I am -not- saying that it is -new-. I -am- saying that QM and Relativity
have -not- been -completely combined- and that until that happens we won't
and can't understand what is going on.
In particular I -am- saying that there is a fundamental error being made
in experiments like the 2-slit and Entangled Photons, that error is that
only -one- perspective is being looked at, the non-relativistic
perspective of the mechanism, and that the -relativiistic perspective of
the photon is being completely ignored-. You are throwing information away
-a priori-. That to understand these results the experimenter -must- look
at the perspective of all participants in the experiment, especially those
who experience relativistic effects.

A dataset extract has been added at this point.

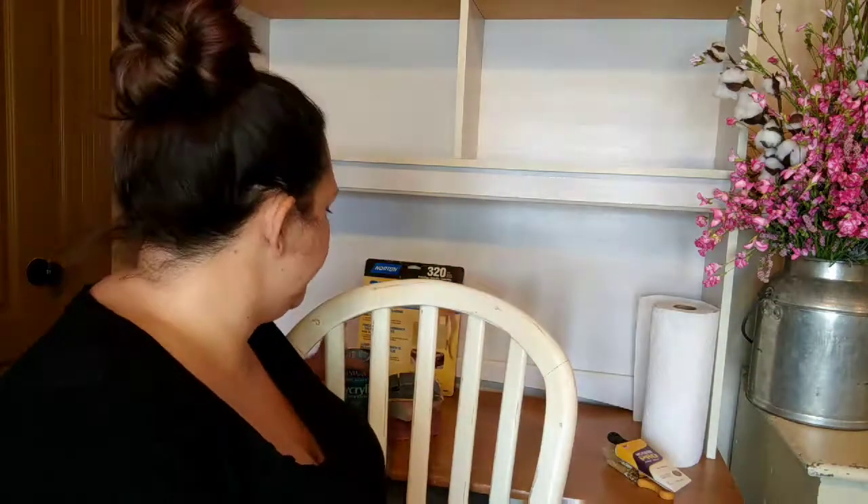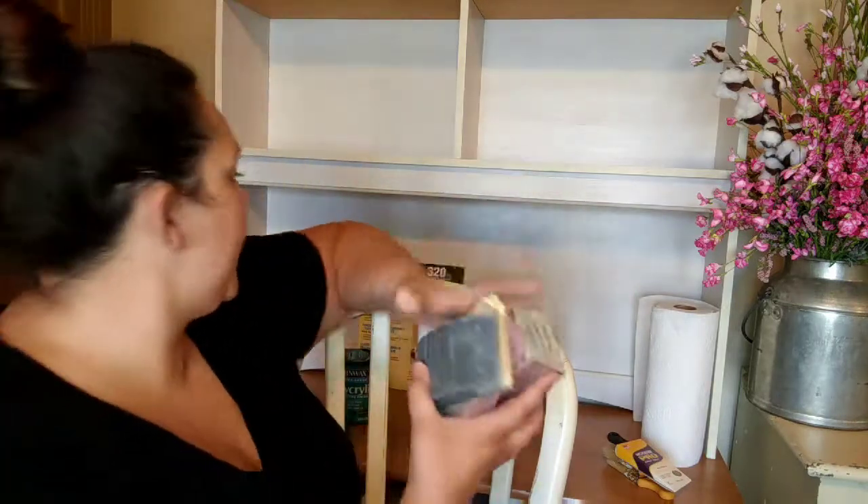You also need sandpaper — I like medium or rough grit. You can attach it to a little sanding block tool. All you really need to do is rough up the surface; you don't need to sand off any finishes or down to raw wood. Just rough in the edges, then take a wet washcloth and wipe it down, let it dry, and then you can start painting.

And a photon is -always-
relativistic. Reality is -observer dependent-, the mechanism observes the
photon, the photon observes the mechanism. They are -not- in the same
time-space frame. The mechanism behaves in its classical time-space frame
and the photon behaves in its relativistic time-spacef frame (the only one
it has, excepting slowing effects in BEC's).
It's no small wonder the results make little sense.